OK here's a quick run through up to my present reality. When I was three years old, I fell in love with Ballet. I mean hopelessly, utterly, "OMGs I have to do this or I will DIE" mentality. No schools took three year olds in those days (I wish that were still the case, but that's another topic for another board lol), but I never let up pestering my mother and as soon as I turned five I took my first class. I was Home. Fast forward through a lifetime of body issues, weight issues, dysmorphic issues, and other issues culminating in my recent realization about the fact I'm not just super Butch but I'm a dude (who other set of issues) and it probably won't come as a surprise to anybody here that I've been depressed for so long it just felt normal.
Through all of that, ballet was there. Sometimes in the forefront, as when I actually lost enough weight and pushed myself so hard I was professional for two years, more often, though, it just lived in my heart, and felt unattainable. Two weeks ago I was so distraught about life and how it seemingly has just kicked my butt since I was born, and was just miserable. Then I happened to come across a local ad for the Dance School here, and I had a wild thought. I wondered if they'd accept me as a student, obviously in the early stages of transition, dancing male roles. I wrote an email telling them my story, and how I was presently extremely overweight, out of shape, unhappy, and missing ballet. I expected to hear nothing back, but they promptly did, and welcomed me with open arms.
Yesterday I took my first class as a guy. It was like coming Home, and felt more natural to me than all the other years I spent as a female feeling 'not right' and out of place, and not good enough. For the first time in my life, even though I have so much flab to lose, even though I'm not a kid anymore, I felt like I knew Ballet was supposed to feel like. I felt strong, confident and of course completely worn out afterwards.

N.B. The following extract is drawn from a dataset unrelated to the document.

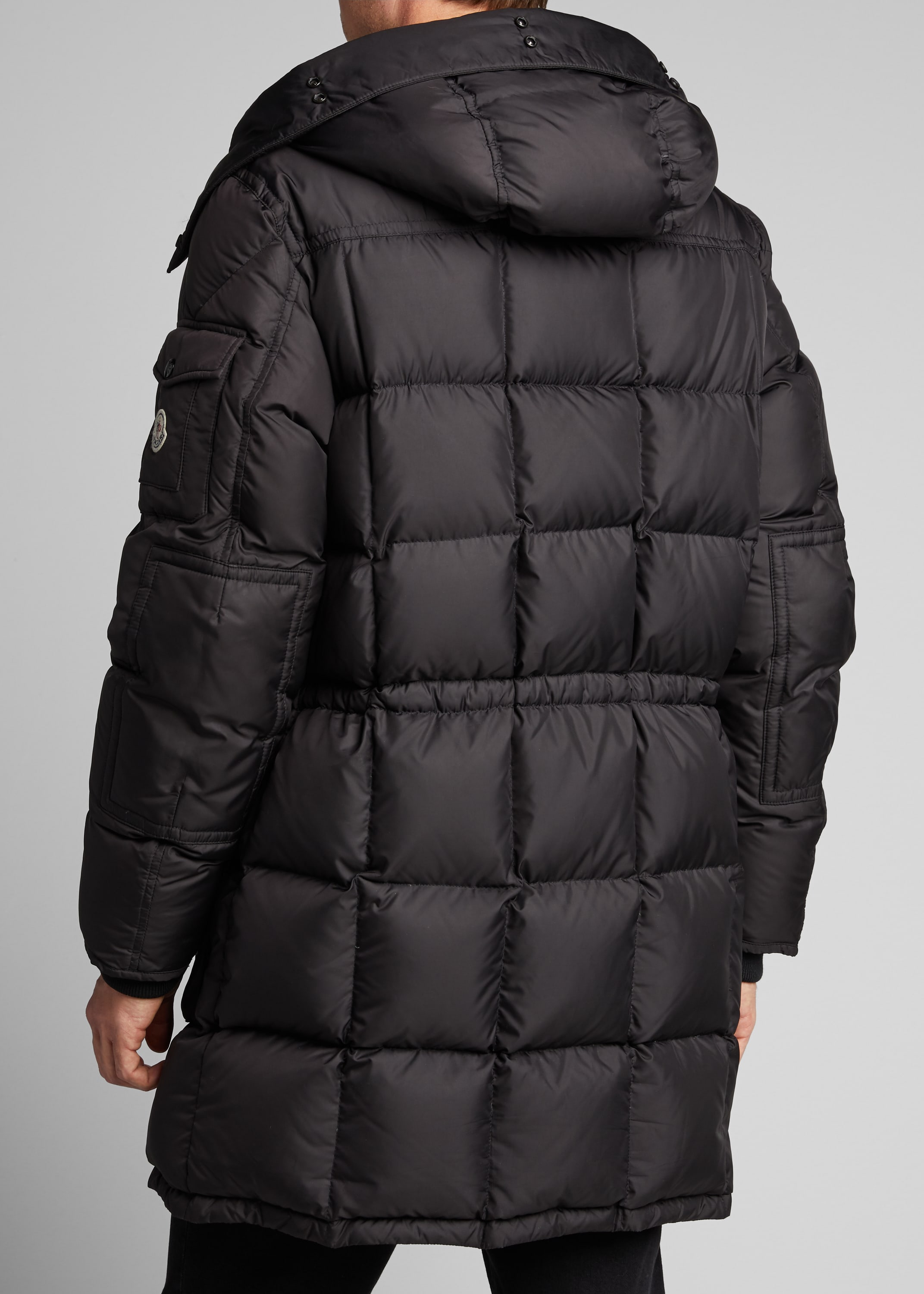 Moncler Grenoble Men s Calaita Quilted Jacket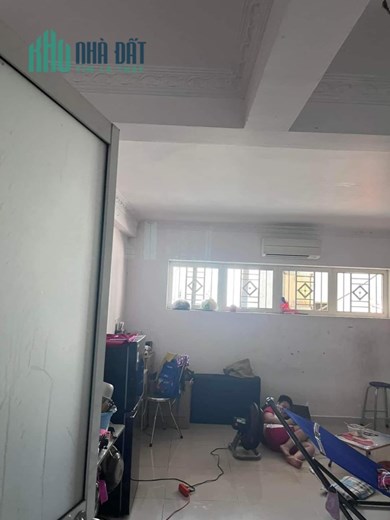 🍎BÁN NHÀ TÂN HÒA ĐÔNG - QUẬN 6, HẺM THÔNG 5M , VỊ TRÍ CỰC ĐẸP  - 80M2 - 3 TẦNG - CHỈ 5,2 TỶ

Are there any more here that are like me? I can't find any F2M dancers through Google, I know I can't possibly be the only one. I would really love to chat with other guys who are going through, or have gone through, what I'm dealing with now. Learning how to dress for class differently, learning how to move differently, all that stuff. If I'm the only one, then that's OK, too, at least I got to share my story, and how happy I finally am.